Ontology volume usage

Foundry’s Ontology is a fast-access storage layer that allows you to bind object definitions to interactive data for queries, links, scenarios, and actions. Data in the Foundry Ontology is indexed for fast access and for safe edits by multiple simultaneous editors. Ontology volume is a measure of the total size of the indexed object sets and their links with each other. Ontology volume is an average metric that has the unit of GB for an instantaneous reading, but has the unit of GB-Month when measuring over the course of one month.

Measuring Ontology volume

Ontology volume is recorded by measuring the size of the indexes that back the object type. Each object type has a number of objects and a number of properties per object. Each property can be of arbitrary size. The total size of the index is calculated by summing the size of each indexed property for every object of that object type.

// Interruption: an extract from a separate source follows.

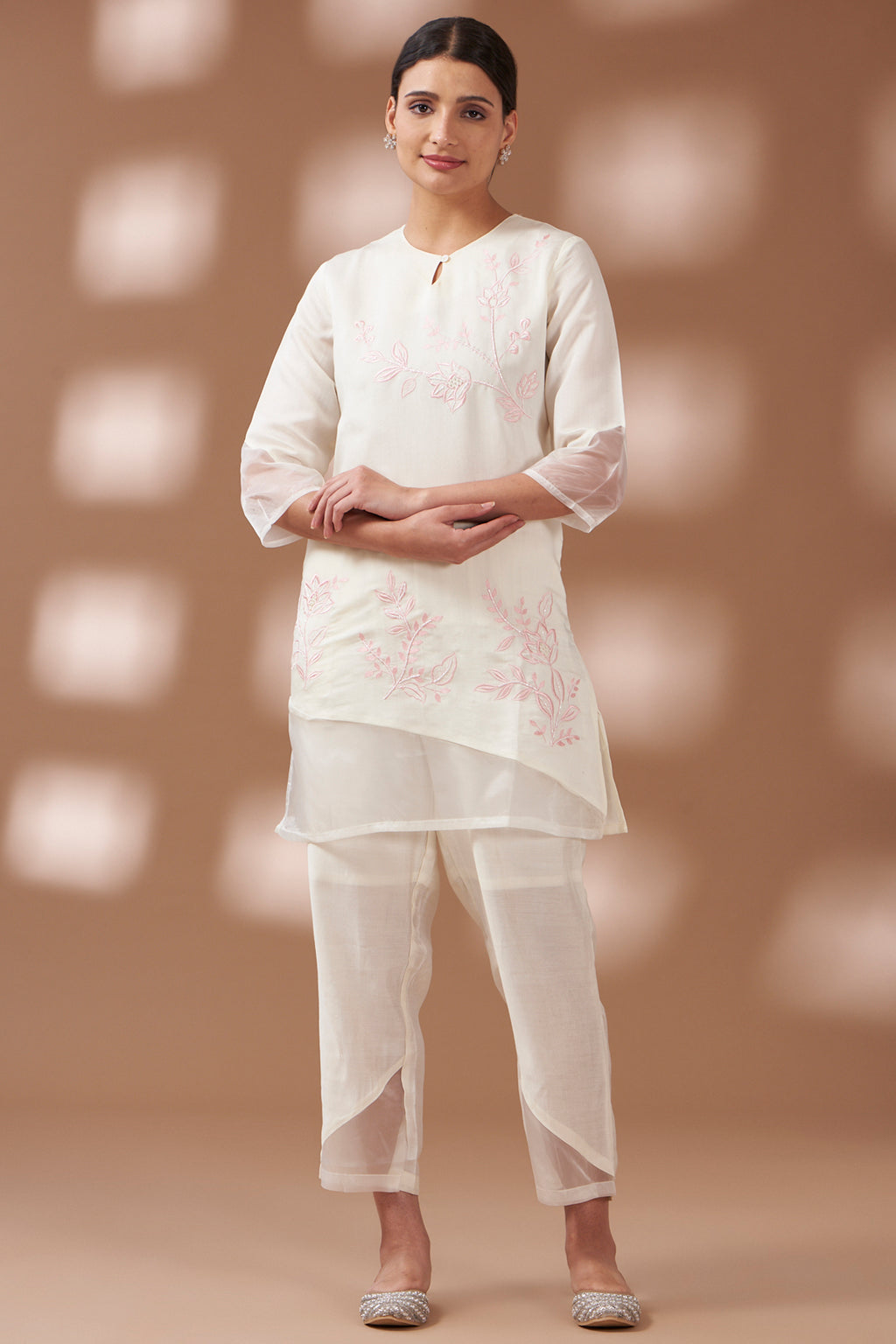 White Embroidered Co-ord Set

It’s important to note that Ontology volume can be larger than dataset volume because Ontology data cannot be compressed, and Ontology indexing requires additional storage to facilitate faster queries.

Every hour, the Foundry platform records a measurement of Ontology volume per object. When measuring Ontology volume over time, all hourly measurements are averaged over the given time period. Averaging over the course of one calendar month produces the GB-Month unit.

Investigating Ontology volume usage

Objects are managed in the Ontology Manager, the hub for all administration and monitoring of objects. The Ontology Manager allows users to configure which datasets should become objects, what types of properties are attached to these objects, and which link sets are defined between object types.

The total Ontology volume for objects and their corresponding link types are listed in the Resource Management Application.

Factors that drive Ontology volume

Ontology volume is effectively a measure of the size of all objects in the ontology, including their properties and links. The following two factors are the main drivers of total volume.

  • The number and size of objects per object type
    • When creating an ontology object type out of a dataset, an object will be indexed per row of that dataset. Therefore, the number of rows in that dataset is tied 1:1 to the number of objects in the corresponding object type.
    • Additionally, datasets that have more columns or that contain more data (e.g. free text fields) can produce individual objects that are larger, because each column is turned into a property.
  • The number of links between objects when using join tables
    • In many-to-many relationships, the Ontology requires the definition of a join table to define all of the links between objects based on their primary keys. These tables are indexed alongside the objects in the Ontology and use ontology volume.
    • In general, look-up tables have a constant size per record and grow linearly in volume with the number of links that are defined.

Managing Ontology volume

The Ontology is designed to be a fast-access backend for operational usage and querying. In the general case, the Ontology is best used with highly refined data that is synthesized from a larger data asset. The volume of the Ontology should therefore be smaller than the total raw and intermediate data size in Foundry’s transformation framework.

To manage Ontology volume usage, pay attention to the number of object types that are defined in the Ontology, as well as the number of objects per object type and the number of properties per object. Overall, the best way to manage Ontology volume usage is to understand and deliberately manage object numbers, property counts, and property sizes.